This brings us to pollution that is caused almost exclusively by burning fossil fuels. Now I don't know if it causes Global Warming, and to be honest I don't really care. What I do care about is stopping the pollution! We are way too worked up about this debate on 'Climate Change' and its cause. Seems that most scientists agree that there has been a warming trend in the Earth's climate with correspondingly more extreme weather. Where the fist fights erupt is over the, in my opinion meaningless, assignation of blame for it. Is it a natural cycle or is it human induced or at least human enhanced? I tell you, it does not matter! This is a pointless argument. Why? Because there is no doubt whatsoever that we are polluting the planet. We dump things into our waterways, oceans and the air that we would never touch, drink or breath because it would kill us. Nobody with a functioning brain can possibly think this stuff is doing anything good for the environment or our collective health. The 'environment' isn't just a whimsical term used by GreenPeace. The Environment is what we breathe, what we drink and what we eat. Every belch of soot from a coal plant ends up in someone's lungs. Every bucket of fertilizer ends up somewhere in the marine food chain and eventually some trace will find its way into that tasty plate of Fish and Chips you picked up at Applebees. Every misguided attempt to coax out another wisp of natural gas from the bedrock leaches a little bit of chemical residue into the water supply. Every year, just south of the mouth of the Mississippi river, a huge 'dead zone' appears in the Gulf of Mexico. It's an area of very low oxygen where little if any marine animals can live. This isn't a natural thing. It's there because of heavy fertilizer runoff from the midwest farm belt. Color me reactionary, but this is a problem!

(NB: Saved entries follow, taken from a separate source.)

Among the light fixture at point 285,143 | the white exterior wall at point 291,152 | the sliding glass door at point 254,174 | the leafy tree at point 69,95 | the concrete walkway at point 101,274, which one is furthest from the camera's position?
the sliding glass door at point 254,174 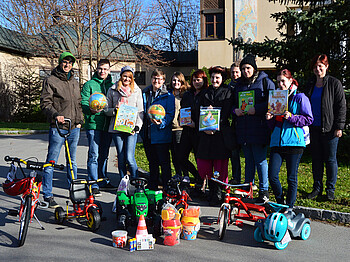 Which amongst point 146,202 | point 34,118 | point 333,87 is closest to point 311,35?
point 333,87

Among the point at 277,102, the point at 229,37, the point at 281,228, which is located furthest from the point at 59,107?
the point at 229,37

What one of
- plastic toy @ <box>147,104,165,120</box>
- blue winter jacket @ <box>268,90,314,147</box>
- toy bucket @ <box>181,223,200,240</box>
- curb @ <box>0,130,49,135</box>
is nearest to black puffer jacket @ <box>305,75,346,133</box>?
blue winter jacket @ <box>268,90,314,147</box>

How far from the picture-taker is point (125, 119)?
6.55 m

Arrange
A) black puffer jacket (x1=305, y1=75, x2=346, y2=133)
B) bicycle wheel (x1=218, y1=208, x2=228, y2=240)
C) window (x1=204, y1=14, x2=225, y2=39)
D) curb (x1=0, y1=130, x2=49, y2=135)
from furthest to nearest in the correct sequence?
window (x1=204, y1=14, x2=225, y2=39), curb (x1=0, y1=130, x2=49, y2=135), black puffer jacket (x1=305, y1=75, x2=346, y2=133), bicycle wheel (x1=218, y1=208, x2=228, y2=240)

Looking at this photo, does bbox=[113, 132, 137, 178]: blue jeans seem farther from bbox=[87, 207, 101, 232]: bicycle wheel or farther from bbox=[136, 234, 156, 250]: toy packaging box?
bbox=[136, 234, 156, 250]: toy packaging box

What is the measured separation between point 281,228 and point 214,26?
2117cm

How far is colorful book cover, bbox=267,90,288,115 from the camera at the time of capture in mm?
5395

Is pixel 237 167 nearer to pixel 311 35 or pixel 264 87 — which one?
pixel 264 87

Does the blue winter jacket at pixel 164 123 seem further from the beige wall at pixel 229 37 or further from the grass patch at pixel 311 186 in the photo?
the beige wall at pixel 229 37

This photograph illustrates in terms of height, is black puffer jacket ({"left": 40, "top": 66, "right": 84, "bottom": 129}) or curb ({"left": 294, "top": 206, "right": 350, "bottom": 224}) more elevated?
black puffer jacket ({"left": 40, "top": 66, "right": 84, "bottom": 129})

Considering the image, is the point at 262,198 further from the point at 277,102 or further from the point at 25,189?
the point at 25,189

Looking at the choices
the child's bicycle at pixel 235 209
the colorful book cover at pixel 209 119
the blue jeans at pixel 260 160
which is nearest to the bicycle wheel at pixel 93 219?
the child's bicycle at pixel 235 209

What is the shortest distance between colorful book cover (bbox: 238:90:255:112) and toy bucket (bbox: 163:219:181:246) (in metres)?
2.24

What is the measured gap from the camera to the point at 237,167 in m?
7.44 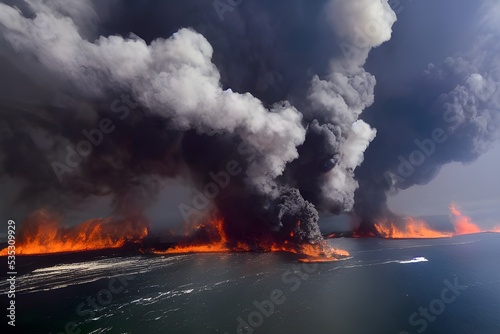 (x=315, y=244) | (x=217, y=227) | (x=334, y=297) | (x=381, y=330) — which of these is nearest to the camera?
(x=381, y=330)

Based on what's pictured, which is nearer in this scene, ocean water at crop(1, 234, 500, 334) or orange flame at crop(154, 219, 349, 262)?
ocean water at crop(1, 234, 500, 334)

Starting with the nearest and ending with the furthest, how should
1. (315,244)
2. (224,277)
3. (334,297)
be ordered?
(334,297), (224,277), (315,244)

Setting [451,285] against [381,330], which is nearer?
[381,330]

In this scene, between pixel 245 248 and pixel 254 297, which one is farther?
pixel 245 248

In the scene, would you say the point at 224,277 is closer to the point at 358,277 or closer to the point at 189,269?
the point at 189,269

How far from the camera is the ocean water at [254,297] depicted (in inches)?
1773

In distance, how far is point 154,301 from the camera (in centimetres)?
5391

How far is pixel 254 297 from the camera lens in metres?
56.7

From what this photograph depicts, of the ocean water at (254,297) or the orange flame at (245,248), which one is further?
the orange flame at (245,248)

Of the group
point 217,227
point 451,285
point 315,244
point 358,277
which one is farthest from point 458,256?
point 217,227

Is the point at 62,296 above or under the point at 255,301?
above

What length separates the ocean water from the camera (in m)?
45.0

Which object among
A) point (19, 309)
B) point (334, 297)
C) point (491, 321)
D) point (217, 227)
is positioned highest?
point (217, 227)

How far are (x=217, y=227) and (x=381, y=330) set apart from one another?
8148cm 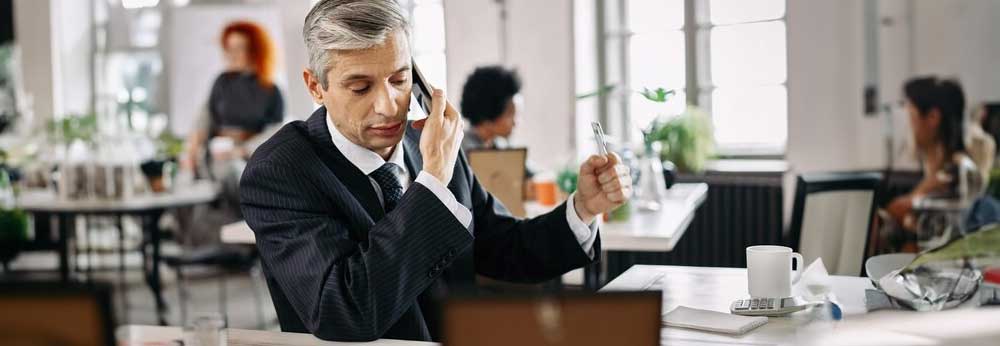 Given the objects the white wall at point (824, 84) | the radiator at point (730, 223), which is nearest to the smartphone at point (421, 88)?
the radiator at point (730, 223)

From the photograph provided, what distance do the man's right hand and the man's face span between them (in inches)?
2.3

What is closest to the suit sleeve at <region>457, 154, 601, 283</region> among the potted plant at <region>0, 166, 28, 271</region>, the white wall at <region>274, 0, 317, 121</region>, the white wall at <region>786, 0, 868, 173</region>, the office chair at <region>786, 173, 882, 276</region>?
the office chair at <region>786, 173, 882, 276</region>

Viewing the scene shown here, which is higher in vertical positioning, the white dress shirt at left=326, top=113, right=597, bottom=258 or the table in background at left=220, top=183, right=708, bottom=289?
the white dress shirt at left=326, top=113, right=597, bottom=258

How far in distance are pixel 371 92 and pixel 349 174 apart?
0.16 metres

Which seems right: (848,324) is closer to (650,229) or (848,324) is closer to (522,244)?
(522,244)

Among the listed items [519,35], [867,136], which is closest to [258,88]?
[519,35]

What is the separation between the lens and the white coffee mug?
1866 mm

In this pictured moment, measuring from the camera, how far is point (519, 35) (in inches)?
254

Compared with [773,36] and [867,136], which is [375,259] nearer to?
[867,136]

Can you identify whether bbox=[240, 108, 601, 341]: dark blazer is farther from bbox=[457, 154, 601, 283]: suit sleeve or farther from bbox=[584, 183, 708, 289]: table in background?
bbox=[584, 183, 708, 289]: table in background

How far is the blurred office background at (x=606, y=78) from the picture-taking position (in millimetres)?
5109

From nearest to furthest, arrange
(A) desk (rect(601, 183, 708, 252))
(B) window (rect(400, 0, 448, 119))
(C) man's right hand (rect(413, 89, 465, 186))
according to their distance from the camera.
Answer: (C) man's right hand (rect(413, 89, 465, 186))
(A) desk (rect(601, 183, 708, 252))
(B) window (rect(400, 0, 448, 119))

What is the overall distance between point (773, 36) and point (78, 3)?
6098 mm

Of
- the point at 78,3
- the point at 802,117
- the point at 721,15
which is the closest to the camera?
the point at 802,117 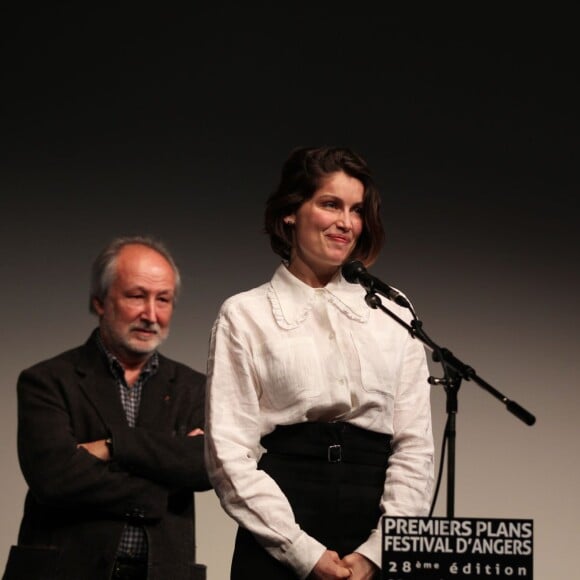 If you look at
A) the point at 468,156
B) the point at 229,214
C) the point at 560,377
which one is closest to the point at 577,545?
the point at 560,377

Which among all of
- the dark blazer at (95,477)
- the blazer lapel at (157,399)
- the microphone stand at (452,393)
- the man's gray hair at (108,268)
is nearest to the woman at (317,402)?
the microphone stand at (452,393)

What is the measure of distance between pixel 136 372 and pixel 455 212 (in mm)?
1999

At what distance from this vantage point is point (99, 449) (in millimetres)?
3256

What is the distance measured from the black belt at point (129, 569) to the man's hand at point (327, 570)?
0.89 m

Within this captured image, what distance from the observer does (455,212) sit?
16.2 feet

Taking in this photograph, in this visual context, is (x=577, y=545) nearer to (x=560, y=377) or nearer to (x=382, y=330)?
(x=560, y=377)

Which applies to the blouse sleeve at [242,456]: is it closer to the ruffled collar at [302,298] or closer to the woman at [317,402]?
the woman at [317,402]

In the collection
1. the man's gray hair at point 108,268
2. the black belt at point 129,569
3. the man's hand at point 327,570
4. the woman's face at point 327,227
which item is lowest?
the man's hand at point 327,570

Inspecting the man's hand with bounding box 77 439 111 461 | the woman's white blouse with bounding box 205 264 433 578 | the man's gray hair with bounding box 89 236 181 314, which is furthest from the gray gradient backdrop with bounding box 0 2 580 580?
the woman's white blouse with bounding box 205 264 433 578

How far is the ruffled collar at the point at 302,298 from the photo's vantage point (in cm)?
271

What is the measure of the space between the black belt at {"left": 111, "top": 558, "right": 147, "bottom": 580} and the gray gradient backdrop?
1341 mm

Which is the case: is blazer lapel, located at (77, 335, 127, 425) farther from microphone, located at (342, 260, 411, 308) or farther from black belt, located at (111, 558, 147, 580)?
microphone, located at (342, 260, 411, 308)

I know it sounds all touchy-feely, but Earth's ecosystem is one huge terrarium. What happens in one corner WILL affect everything else.  Ocean currents circle the globe just as the jet stream rushes like a river at 30,000 feet across the continents. Oil spills and chemical releases don't respect national borders and are immune to military force and border fencing. We see this every time a volcano erupts and ash is tracked thousands and thousands of miles around the globe. But we pretend that it's just an inconvenient freak of nature rather than a real world example of how our planet works. Why? Because it's easier to just ignore it since it doesn't have a visible impact on our daily lives. Because it's fiscally and therefore politically convenient to do so. Am I the only one who wonders how many health issues, from cancer to autism may be linked to the toxins we breathe, eat and drink every day? Disagree? Then I invite you to take a nice deep drink of Mississippi river water. Go camp out for a week next to your nearest coal plant,  and don't forget to take the kids!  Emphysema is best when shared.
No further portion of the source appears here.